The recent decision brings a few important sentences to memory from the 1948 “Statement on Church and State.” It was published in the journal Christianity and Crisis. Twenty-seven professors and clergy members signed the statement, including Harry Emerson Fosdick and Reinhold Niebuhr. The signers declared that they favored “the separation of church and state in the sense which we believe to have been intended in the First Amendment. This prohibited the state from giving any church or religious body a favored position, and from controlling the religious institutions of the nation.” They held that “cooperation, entered into freely by the state and church and involving no special privilege to any church and no threat to the religious liberty of any citizen, should be permitted.”

The idea of the “appearance of endorsement,” as opposed to actual endorsement, is very complex. It requires significant hermeneutical deliberation to determine whether an action gives the “appearance of endorsement” or not. For example, do swearing on the Bible in court or the pastoral invocation at Presidential inauguration services give the “appearance of endorsement”? Do politicians going to church provide the “appearance of endorsement”? When school boards permit churches to do volunteer work at public school facilities, like helping with grounds-keeping and painting, are they effectively giving the “appearance of endorsement”? Of course, in none of these cases is there any actual endorsement, in the sense of a legal agreement on the part of the politicians or public institutions.

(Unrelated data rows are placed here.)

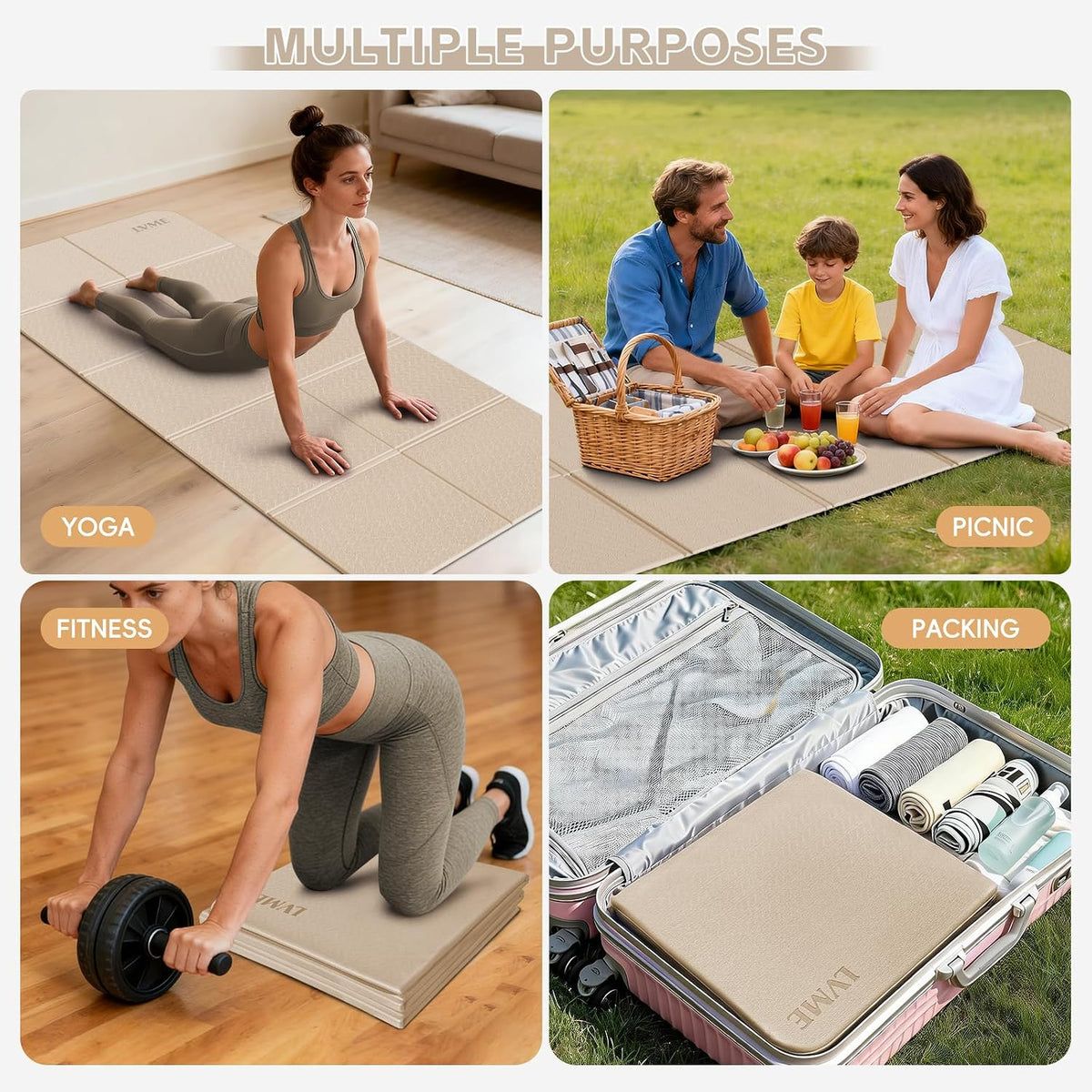 Foldable Yoga Mat,（75"x31.5"）Extra Large Travel Mat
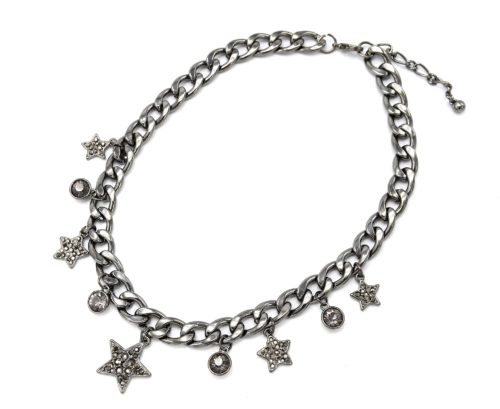 Collier-Chaine-Maillons-Metal-Gris-Pendentif-Etoiles-Strass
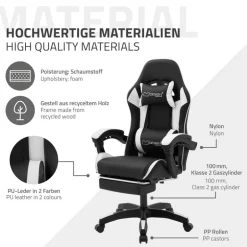 Gaming Stuhl mit Fußstütze und Armlehne Schwarz-Weiß, aus Kunstleder ML-Design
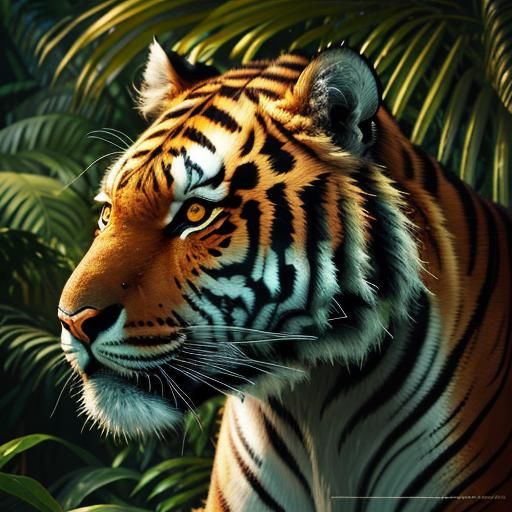 Hyperrealistic Tiger and Cub in Colorful Jungle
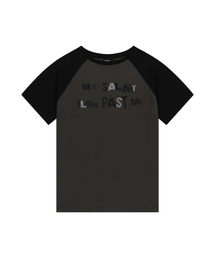 Rhinestone Graphic Raglan Half Top (Dark Gray)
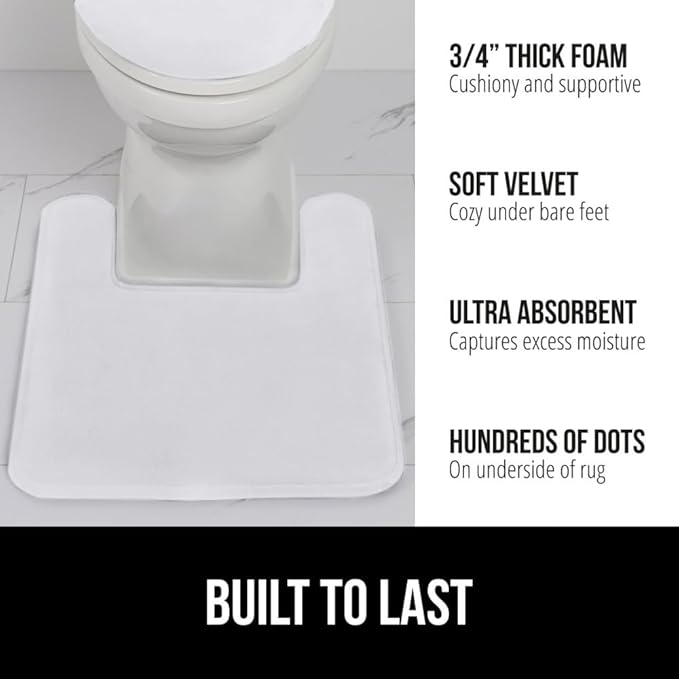 GORILLA GRIP Thick Memory Foam Toilet Rug for Bathroom, Square Shaped Washable, Soft Absorbent Velvet Topside Floor Mats, Machine Wash, Cushioned Luxury Rugs for Bath Room, 22.5x19.5, White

The desire to avoid an “appearance of endorsement” may spring from an idealized conception of society in which public institutions operate from the standpoint of a supposedly objective worldview. This does not reflect the reality of the everyday work of public institutions and political figures, who often give the “appearance of endorsement” by working with religious groups. The old tradition of American church-state policy is not built upon conceptions of an idealized society of worldview neutrality; it is rather concerned with rejecting a specific political order in which the state designates a religion for the country and thus establishes it with formal institutional backing. Free cooperation between religious communities and public institutions was a reality in the eighteenth century, as it is today.

Judge Leval and Calabresi’s decision could be interpreted as encouraging public institutions to free themselves from any “appearance of endorsement” in order to avoid the “substantial risk of liability.” Because of the vacuity of the term “appearance,” this would be a virtually impossible task. It also lacks a solid constitutional basis. Apart from these arguments, the decision has unfortunate practical consequences. At a time when American schools need more financial support and volunteers, the court has sent the wrong signal to the churches and to the members of religious communities who often provide money, time and volunteers to their communities. It diminishes the spirit of cooperation which is essential to American’s diverse civil society. This principle of cooperation was affirmed in the New York City Department of Education’s “Citywide Standards” (PDF) from 2013. There pupils are encouraged to establish “positive relationships,” for this is one of the “fundamental skills for life effectiveness.” Of course, developing positive relationships is not only an aim of pupils and employees of public schools. It is also one of the important tasks of both public and ecclesial institutions. Such a task should not require a compromise in core values or guiding principles. On the contrary, the spirit of cooperation calls for a deepening of the commitments to these foundations and maxims and a rediscovery of their basic constitutions. This is because cooperation is most effective when it is grounded in the specific ethos of the different institutions involved, and when there is an elementary agreement about some general shared goals and a common good.